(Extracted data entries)
--- START ---

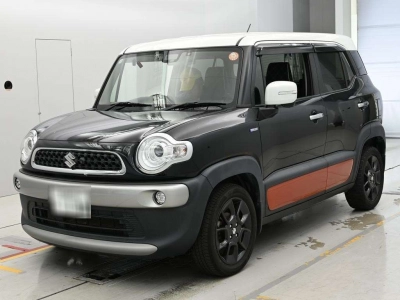 SUZUKI XBEE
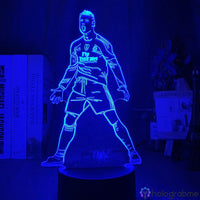 Lampe Pop Culture Cristiano Ronaldo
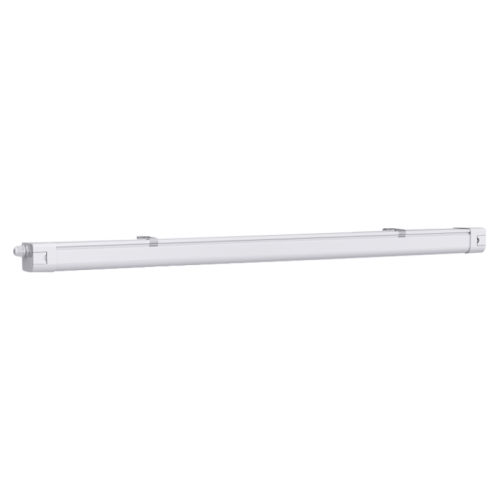 20W Triecienizturīgs lineārs (IP65) LED gaismeklis NITRA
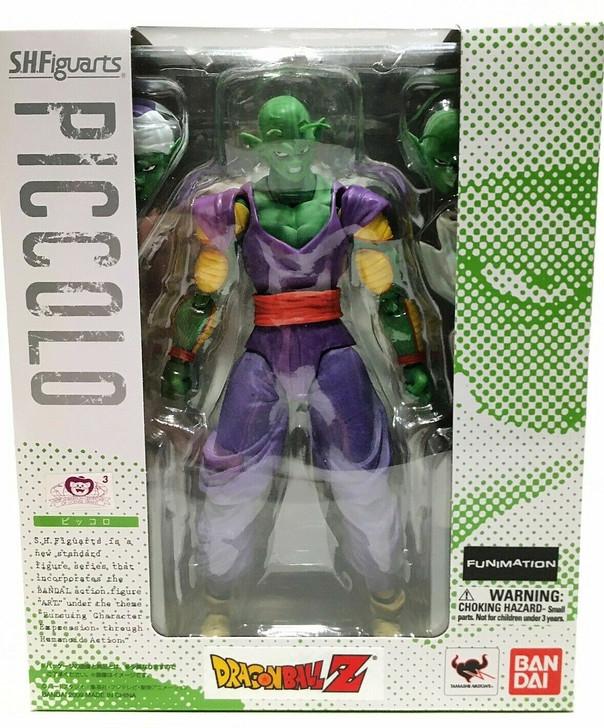 piccolo shf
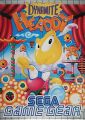 Dynamite Headdy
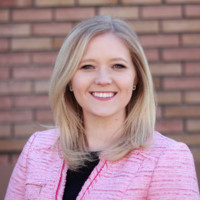 Amhar Employee Alyson Caffrey's profile photo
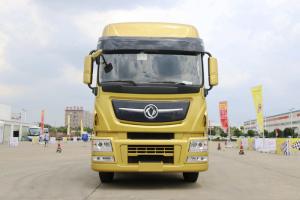 KX 2018款北方版 520马力 6X4 国五万博体育app下载入口
(东风14挡)(DFH4250C2)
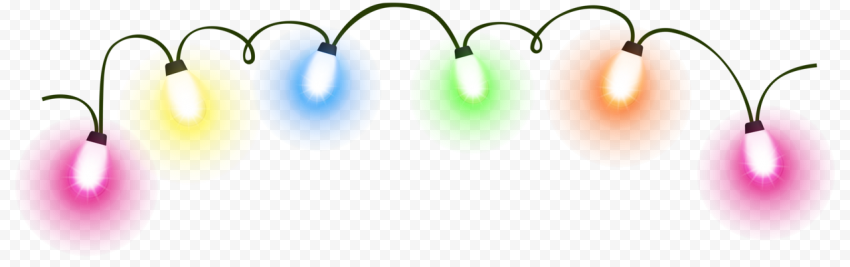 Download Holiday Light Background PNG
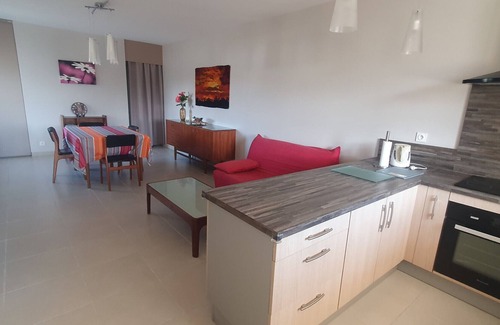 Vendays-Montalivet Apartment | Maison A Montalivet Proche Plage ET Marche 0971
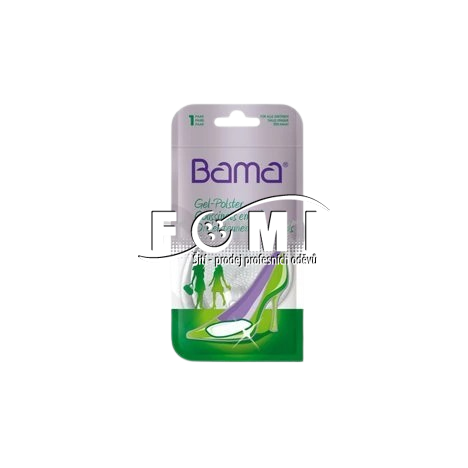BAMA - Gelový polštářek BAMA - Gelový polštářek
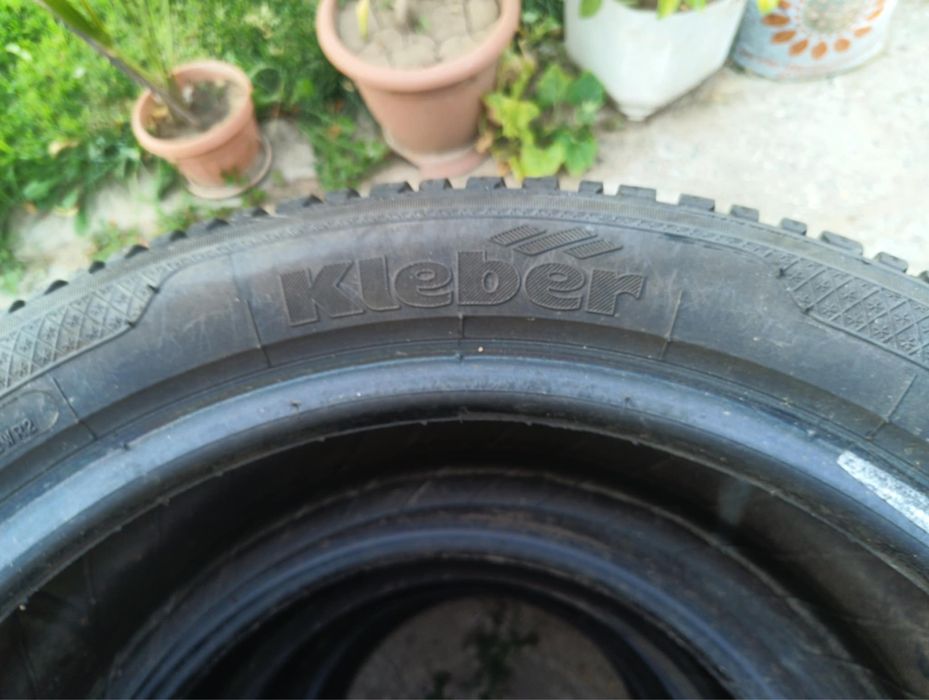 Зимни гуми Kleber Krisalp HP3 225/50 R17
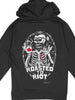 Zip Up Hoodie - Roasted To Riot | Rampage Coffee Co. Hoodie Rampage Coffee Co. Small 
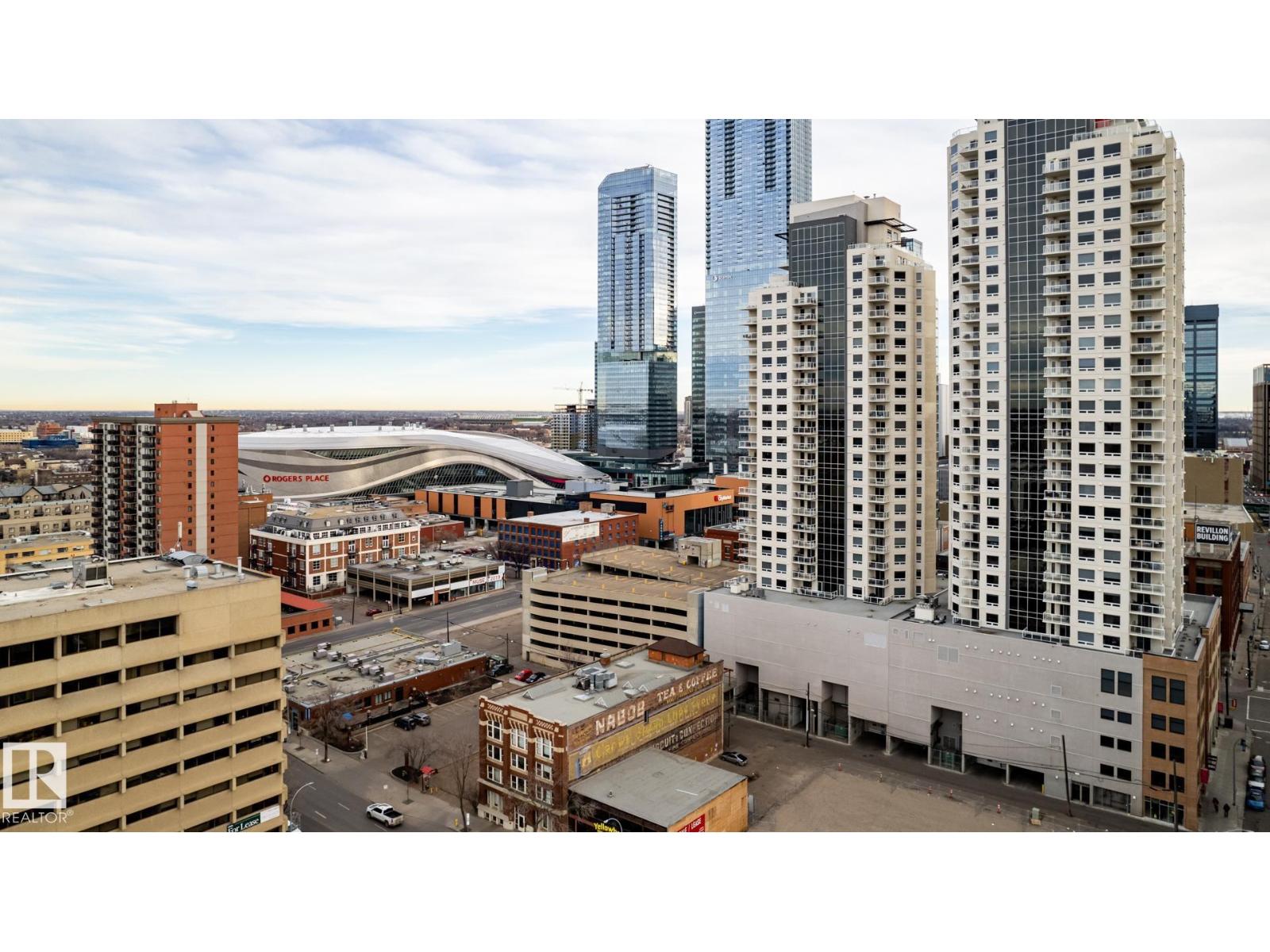 #2107 10410 102 Av Nw, Edmonton, Alberta  T5J 0E9 - Photo 22 - E4478718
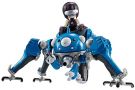 MegaHouse VARIABLE ACTION KIT GHOST IN THE SHELL SAC_2045 MOTOKO KUSANAGI & TACHIKOMA, MEG30129, by MEGAHOUSE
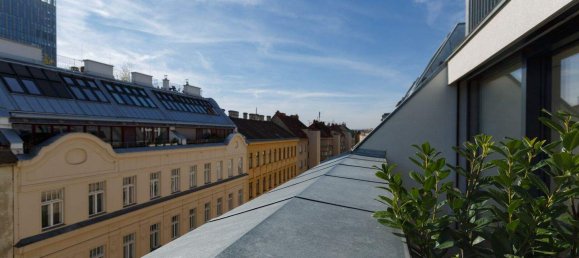 4-salle Penthouse à Wieden, Austria No. 106165 34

--- END ---

== Description of the task ==
Using the records above, print exactly the run of lines that starts with the line with "Download Holiday Light Background PNG" and goes on through the line with "Zip Up Hoodie", pictures excluded.

== Answer below ==
 Download Holiday Light Background PNG
 Vendays-Montalivet Apartment | Maison A Montalivet Proche Plage ET Marche 0971
BAMA - Gelový polštářek BAMA - Gelový polštářek
 Зимни гуми Kleber Krisalp HP3 225/50 R17
 Zip Up Hoodie - Roasted To Riot | Rampage Coffee Co. Hoodie Rampage Coffee Co. Small 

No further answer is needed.